Come Let Us Worship (Together)

Come Let Us Worship (Together) January 4, 2012

Do our Christian songs do the job well? Do they tell our story? Do they tell the story of all of us/of each of us? Do they give us memory? Do they tell our future? Do they tell the gospel? Do they tell our experience of the gospel? Do they reflect the Psalms’ complaints or are they only happy and good-news songs?

In Rodney Reeves’ new book, Spirituality according to Paul: Imitating the Apostle of Christ, Reeves probes what early Christian worship and singing (he connects the two; he doesn’t equate the two) were about — and he does so knowing those early Christians were standing on the shoulders of the Israelites and their Psalter and their synagogue services. Here are some themes he finds to be part of Christian worship and singing:

Worship isn’t complete when done alone.

Singing songs to Christ is subversive. Pliny later said the Christians gathered to sing songs to a crucified man as to a God! And Paul’s great quotation of a song in Philippians 2:6-11 is pure gospel music: it celebrates God’s work by telling the Story of Jesus (see my The King Jesus Gospel). And Reeves points out that anyone who sang that song was saying Caesar was not the Lord, Jesus was.

Which leads to another theme: genuine biblical worship and song complains. He says Caesar will someday celebrate Christ as Lord, though he think Caesar will be lamenting when he sings that song (end of Phil 2’s song).

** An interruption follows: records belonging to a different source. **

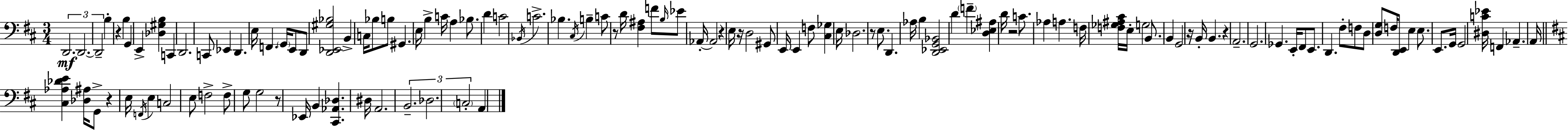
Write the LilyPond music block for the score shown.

{
  \clef bass
  \numericTimeSignature
  \time 3/4
  \key d \major
  \tuplet 3/2 { d,2.\mf | d,2.~~ | d,2-- } b4-. | r4 b4 g,4 | \break e,4-> <des gis b>4 c,4 | d,2. | c,8 ees,4 d,4. | e16 f,4. \parenthesize g,16 e,8 d,8 | \break <d, ees, gis bes>2 b,4-> | c16 bes8 b8 gis,4. e16 | b4-> c'16 a4 bes8. | d'4 c'2 | \break \acciaccatura { bes,16 } c'2.-> | bes4. \acciaccatura { cis16 } b4-- | c'8 r8 d'16 <fis ais>4 f'8 \grace { b16 } | ees'8 aes,16-.~~ aes,2 r4 | \break e16 r16 d2 | gis,8 e,16 e,4 f8 <cis ges>4 | e16 des2. | r8 e8. d,4. | \break aes16 b4 <d, ees, g, bes,>2 | d'4 \parenthesize f'4-- <d ees ais>4 | d'16 r2 | c'8. aes4 a4. | \break f16 <f ges ais cis'>16 e16-. g2 | b,8. b,4 g,2 | r16 b,16-. b,4. r4 | a,2.-- | \break g,2. | ges,4. e,16-. fis,8 | e,8. d,4. fis8-. f8 | d8 <d g>8 f16 <d, e,>8 e4 | \break e8. e,8. g,16 g,2 | <dis c' ees'>16 f,4 aes,4.-- | a,16 \bar "||" \break \key d \major <cis aes des' e'>4 <des ais>16 g,8-> r4 e16 | \acciaccatura { f,16 } e4 c2 | e8 f2-> f8-> | g8 g2 r8 | \break ees,16 b,4 <cis, aes, des>4. | dis16 a,2. | \tuplet 3/2 { b,2.-- | des2. | \break \parenthesize c2-. } a,4 | \bar "|."
}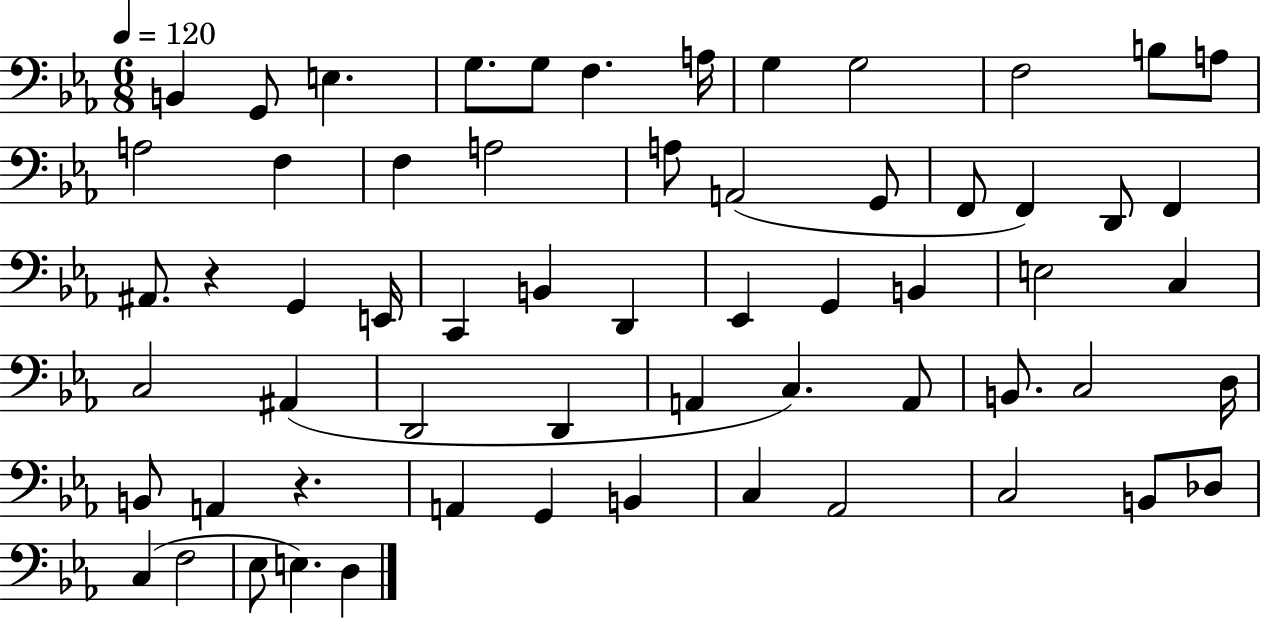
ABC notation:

X:1
T:Untitled
M:6/8
L:1/4
K:Eb
B,, G,,/2 E, G,/2 G,/2 F, A,/4 G, G,2 F,2 B,/2 A,/2 A,2 F, F, A,2 A,/2 A,,2 G,,/2 F,,/2 F,, D,,/2 F,, ^A,,/2 z G,, E,,/4 C,, B,, D,, _E,, G,, B,, E,2 C, C,2 ^A,, D,,2 D,, A,, C, A,,/2 B,,/2 C,2 D,/4 B,,/2 A,, z A,, G,, B,, C, _A,,2 C,2 B,,/2 _D,/2 C, F,2 _E,/2 E, D,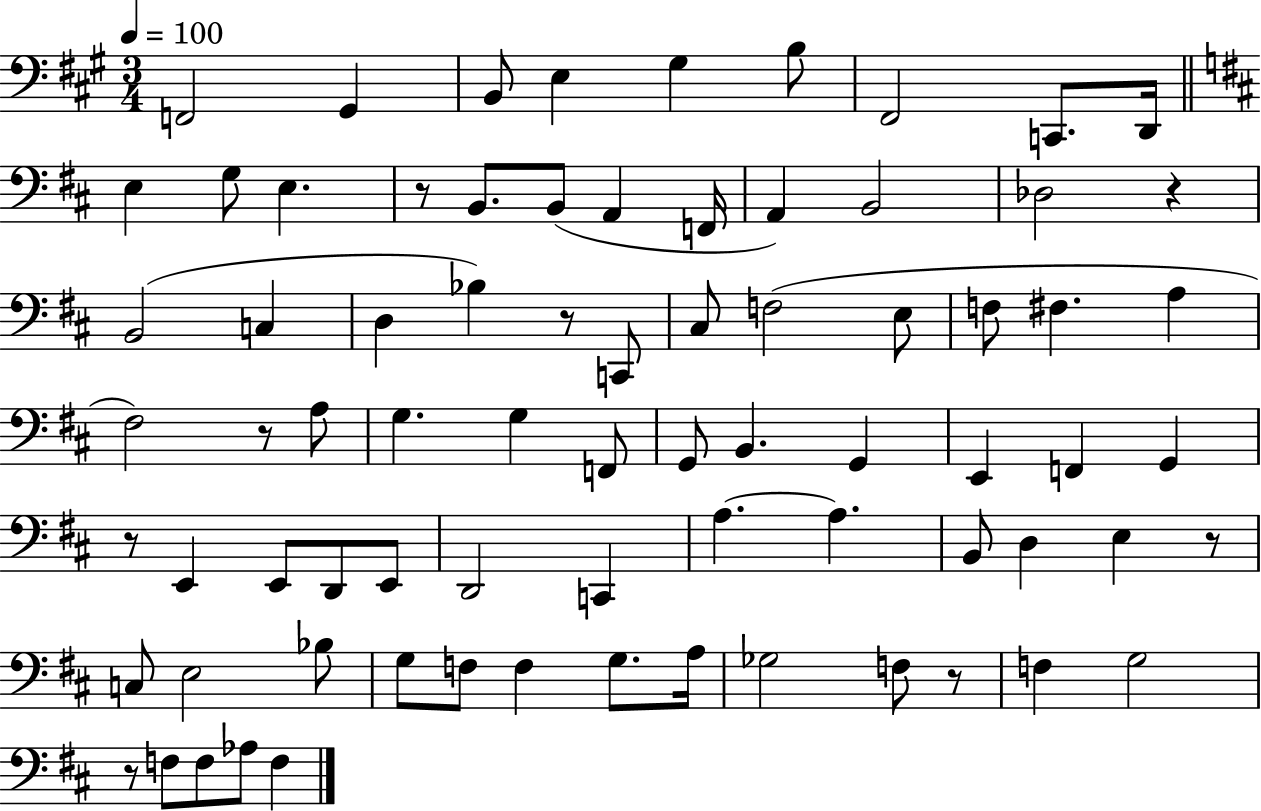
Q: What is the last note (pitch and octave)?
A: F3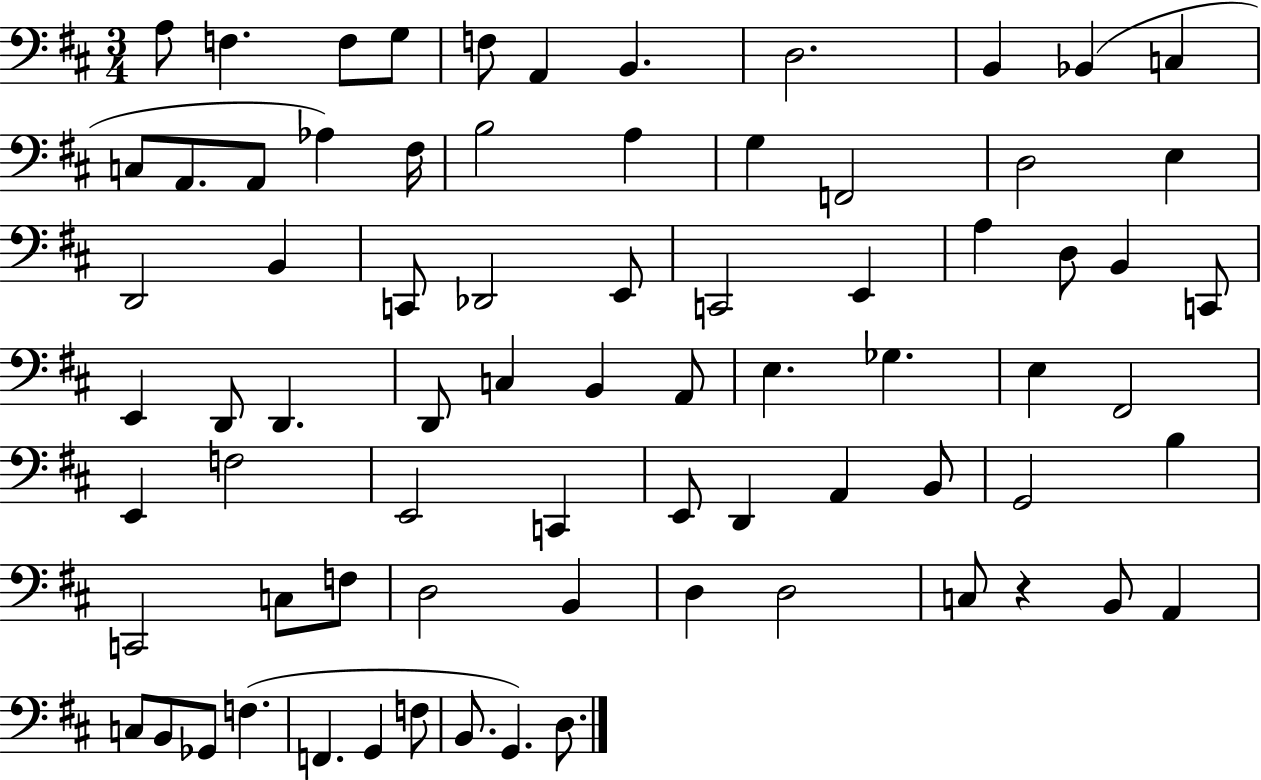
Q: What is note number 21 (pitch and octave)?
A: D3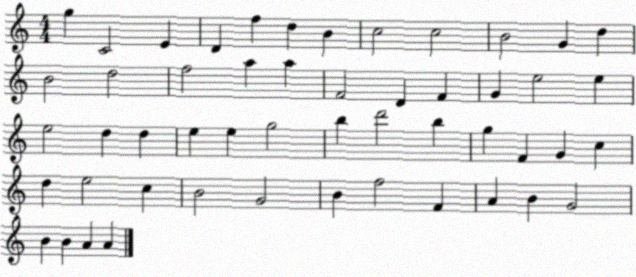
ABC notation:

X:1
T:Untitled
M:4/4
L:1/4
K:C
g C2 E D f d B c2 c2 B2 G d B2 d2 f2 a a F2 D F G e2 e e2 d d e e g2 b d'2 b g F G c d e2 c B2 G2 B f2 F A B G2 B B A A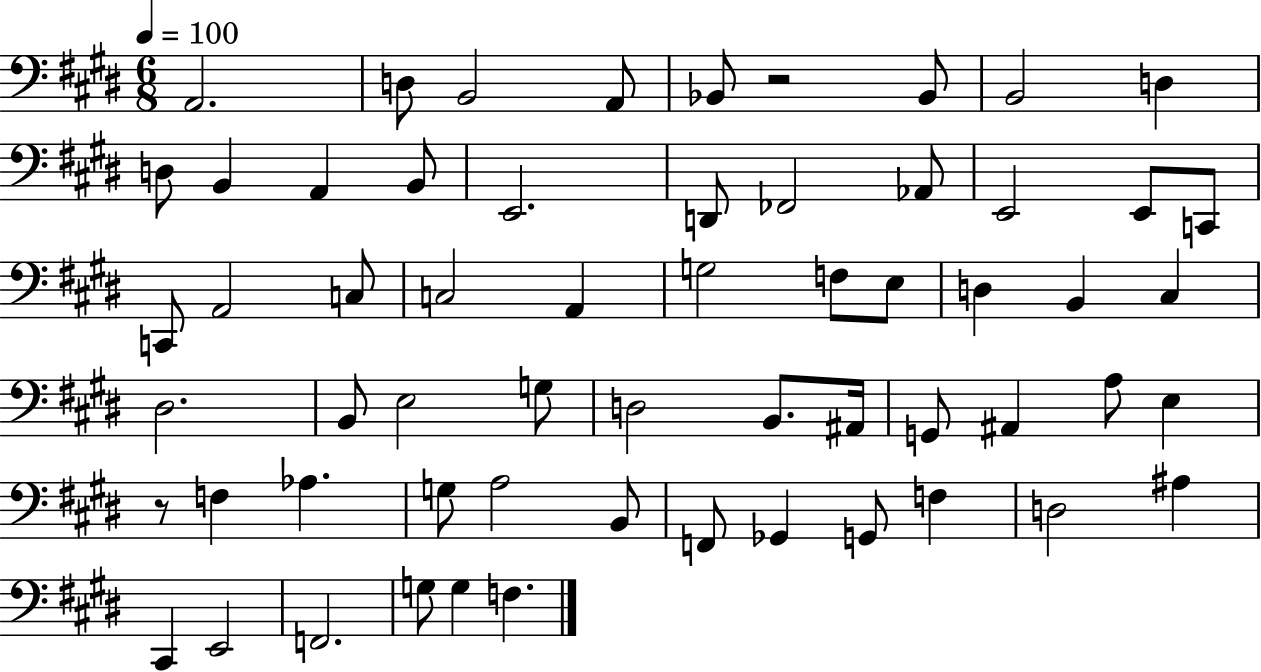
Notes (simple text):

A2/h. D3/e B2/h A2/e Bb2/e R/h Bb2/e B2/h D3/q D3/e B2/q A2/q B2/e E2/h. D2/e FES2/h Ab2/e E2/h E2/e C2/e C2/e A2/h C3/e C3/h A2/q G3/h F3/e E3/e D3/q B2/q C#3/q D#3/h. B2/e E3/h G3/e D3/h B2/e. A#2/s G2/e A#2/q A3/e E3/q R/e F3/q Ab3/q. G3/e A3/h B2/e F2/e Gb2/q G2/e F3/q D3/h A#3/q C#2/q E2/h F2/h. G3/e G3/q F3/q.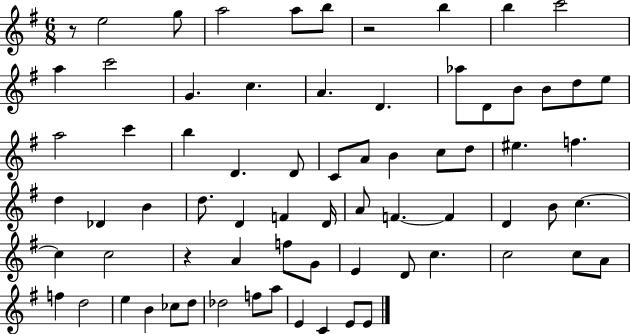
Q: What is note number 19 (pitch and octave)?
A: D5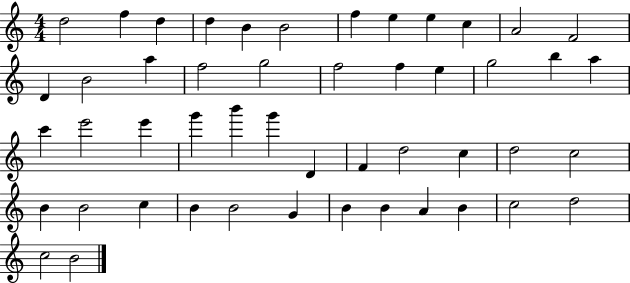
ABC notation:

X:1
T:Untitled
M:4/4
L:1/4
K:C
d2 f d d B B2 f e e c A2 F2 D B2 a f2 g2 f2 f e g2 b a c' e'2 e' g' b' g' D F d2 c d2 c2 B B2 c B B2 G B B A B c2 d2 c2 B2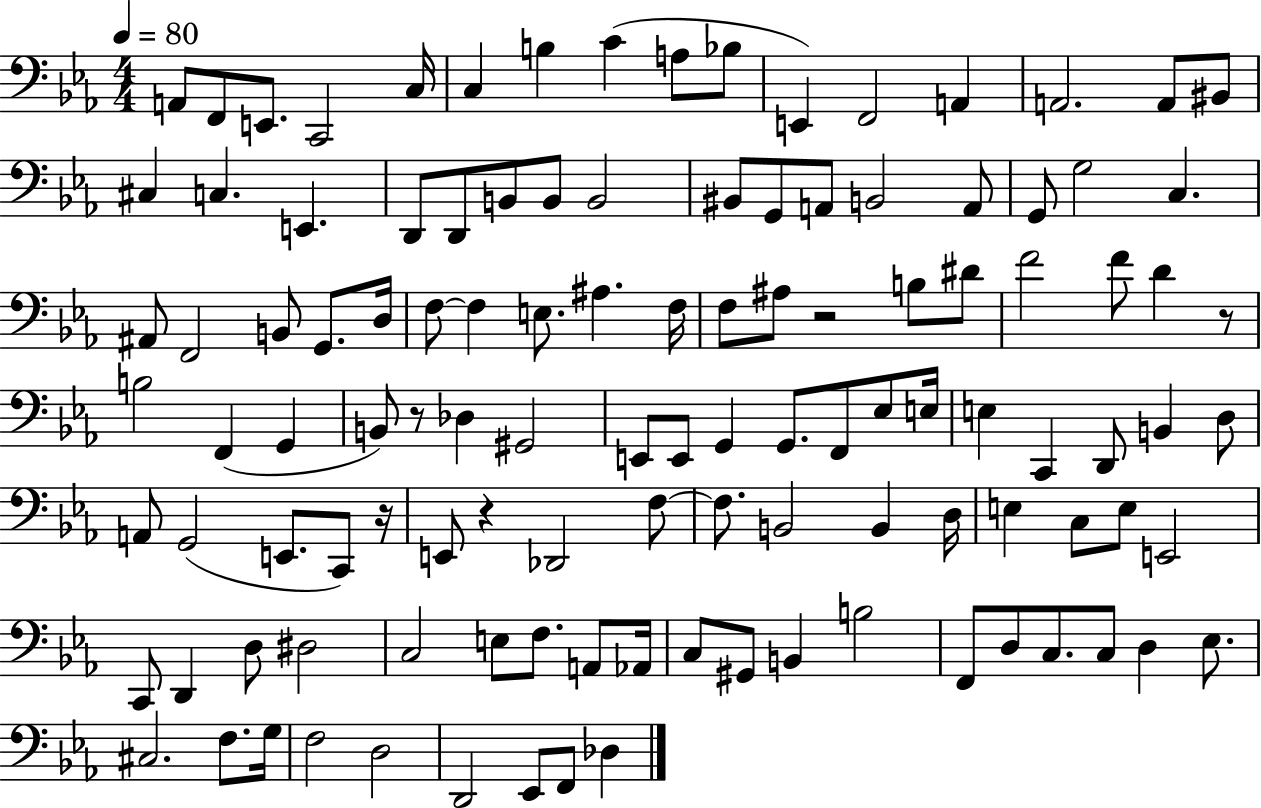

Worship should evoke memory, our common memory especially. And here we have a steep hill to climb: for many the stories of the Bible are either such a distant fading memory or unknown completely that the songs we sing can’t make sense. Read the Bible and the songbook will come alive; ignore the Bible’s stories and the songbook will gravitate to personal experience songs.

Singing should be inclusive: that is, it should reflect all of us — Jew and Gentile, slave and free, man and woman, adult and adolescent, native and foreigner, rich and poor. I wonder if we could think through our songs to see how inclusive they are. Now let me include another dimension of inclusiveness: the glad and the sad. (Sorry for the rhyme.) On any given Sunday a good number of the folks in church who are being asked to sing will be asked to emote in ways they are not feeling or cannot be feeling: some will be grieving, some will be sickened by joblessness, some will be worried about children — while others are riding the waves of victories. How can we include those who struggle? And what about introverts and extroverts (think of Adam McHugh’s book, Introverts in the Church)? Does our worship/singing reflect some sensitivity about personalities?

Worship and singing come to the focal point in the Lord’s Supper (if your church does this often – as it should be done often): there we all join together and participate in the saving deeds of Jesus and ponder anew what Christ has done for us – – new covenant, forgiveness, Passover liberation, etc.

This means our worship needs to be examined to see if it reflects our unity in Christ and our equality in Christ. Does it?